Vader Lewis ziet Brian graag in zijn voetsporen treden als eerbiedwaardig lid van de hogere middenklasse. Maar Jones wil vooral “lummelen en kijken wat er dan gebeurt”. Hij vindt zijn heil bij de blues van Howlin’ Wolf, Elmore James, Robert Johnson en Muddy Waters. De eerste hit van The Rolling Stones, ‘Little Red Rooster’, klinkt als een eerbetoon aan die zwarte gitaristen.

Pa en ma moeten er niets van hebben. Documentairemaker Nick Broomfield voert zijn rebelse hoofdpersoon op als een soort metafoor voor de generatiekloof die in de jaren zestig ontstond. Een tijd waarin succes een wezenlijk andere definitie had dan nu. Zelfs als Jones furore maakt met zijn band, maakt dat weinig indruk op zijn ouders. Broomfield laat zien wat er gebeurt als die ouderlijke liefde ontbreekt: dan ontstaat er vuige kunst om die leegte op te vullen.

De documentairemaker ontmoette de muzikant zelf in die tijd ook eens, tijdens een treinreis in 1963. Hij omschrijft de muzikant als “vriendelijk en open”. Maar Jones had toen de wereld nog aan zijn voeten. Hij zou de sitar introduceren in zijn band (luister ‘Paint It, Black’) en saxofoon spelen tijdens jamsessies met The Beatles.

De documentairemaker laat ook Bill Wyman, oud-bassist van de Stones, aan het woord, die minutieus de invloed van Chuck Berry en Bo Diddley op het spel van Jones uiteenzet. Wyman was destijds een medestander van Jones, al beklemtoont hij ook dat de gitarist soms een pestkop was: zo is te zien hoe Jones tijdens een persconferentie as van een peuk aftikt op Wymans hoofd.
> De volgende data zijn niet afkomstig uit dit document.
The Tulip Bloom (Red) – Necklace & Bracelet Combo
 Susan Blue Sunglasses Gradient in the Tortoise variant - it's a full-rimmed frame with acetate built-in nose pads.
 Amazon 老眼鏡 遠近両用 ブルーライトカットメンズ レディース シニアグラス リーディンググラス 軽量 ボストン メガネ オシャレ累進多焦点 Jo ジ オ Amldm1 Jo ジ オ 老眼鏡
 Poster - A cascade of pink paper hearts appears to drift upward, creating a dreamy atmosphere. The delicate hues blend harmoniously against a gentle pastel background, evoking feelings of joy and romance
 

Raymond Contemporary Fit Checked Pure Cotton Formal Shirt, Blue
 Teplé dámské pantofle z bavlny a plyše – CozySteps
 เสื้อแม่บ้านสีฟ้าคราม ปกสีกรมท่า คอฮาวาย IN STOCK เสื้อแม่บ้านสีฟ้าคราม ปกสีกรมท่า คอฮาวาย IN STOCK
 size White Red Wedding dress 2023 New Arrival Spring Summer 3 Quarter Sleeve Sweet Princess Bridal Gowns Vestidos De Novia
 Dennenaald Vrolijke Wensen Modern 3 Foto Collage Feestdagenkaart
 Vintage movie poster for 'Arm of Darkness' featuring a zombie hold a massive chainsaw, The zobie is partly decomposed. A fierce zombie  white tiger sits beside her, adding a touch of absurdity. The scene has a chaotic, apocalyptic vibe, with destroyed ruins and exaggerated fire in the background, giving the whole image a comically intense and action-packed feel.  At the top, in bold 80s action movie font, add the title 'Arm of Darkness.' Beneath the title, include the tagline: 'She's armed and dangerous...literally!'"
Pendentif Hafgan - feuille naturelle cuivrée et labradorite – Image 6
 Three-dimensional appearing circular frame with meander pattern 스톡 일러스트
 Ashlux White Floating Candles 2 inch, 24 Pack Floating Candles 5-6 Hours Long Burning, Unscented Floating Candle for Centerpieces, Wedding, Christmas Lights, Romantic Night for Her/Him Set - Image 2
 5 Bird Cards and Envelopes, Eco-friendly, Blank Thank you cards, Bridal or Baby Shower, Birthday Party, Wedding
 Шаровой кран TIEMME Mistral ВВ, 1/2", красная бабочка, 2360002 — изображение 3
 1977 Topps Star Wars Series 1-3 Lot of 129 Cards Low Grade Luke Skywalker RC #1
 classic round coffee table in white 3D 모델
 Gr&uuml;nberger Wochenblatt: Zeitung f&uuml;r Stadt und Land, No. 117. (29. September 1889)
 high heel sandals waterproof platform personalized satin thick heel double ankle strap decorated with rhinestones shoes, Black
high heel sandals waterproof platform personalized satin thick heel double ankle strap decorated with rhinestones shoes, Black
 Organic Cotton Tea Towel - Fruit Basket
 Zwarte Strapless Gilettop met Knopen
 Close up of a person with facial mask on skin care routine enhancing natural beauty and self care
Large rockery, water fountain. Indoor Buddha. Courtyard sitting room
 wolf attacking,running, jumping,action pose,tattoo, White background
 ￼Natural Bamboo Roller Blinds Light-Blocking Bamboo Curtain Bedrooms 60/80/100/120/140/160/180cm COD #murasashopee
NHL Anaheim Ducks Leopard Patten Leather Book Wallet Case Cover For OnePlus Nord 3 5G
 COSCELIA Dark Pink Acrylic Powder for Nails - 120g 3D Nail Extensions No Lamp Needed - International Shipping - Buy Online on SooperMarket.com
De andere bandleden manifesteren zich echter als de nog grotere boze wolven: Mick Jagger en Keith Richards beginnen Jones te treiteren. The Rolling Stones begonnen als de band van Jones, maar de gitarist moest de touwtjes al snel uit handen geven. Jones wilde blues maken; Jagger en Richards begonnen, aangespoord door nieuwe manager Andrew Oldham, popliedjes te schrijven. Er ontstond opnieuw een kloof. Ondertussen verloor Jones zijn zelfvertrouwen en zonk hij diep weg in alcoholisme en drugsgebruik, toont Broomfield. Totdat hij in 1969 dood werd aangetroffen in het zwembad bij zijn villa in het Britse Hartfield.

Dit alles is grotendeels niets nieuws onder de zon en werd bijvoorbeeld eerder belicht in het matige Rolling Stone: Life and Death of Brian Jones (2019). Broomfield voegt, op die kleine persoonlijke twist na, niet veel toe aan de mythe rondom Jones. The Stones and Brian Jones is vooral een memorabele laatste stuiptrekking: vergeet die gitarist niet!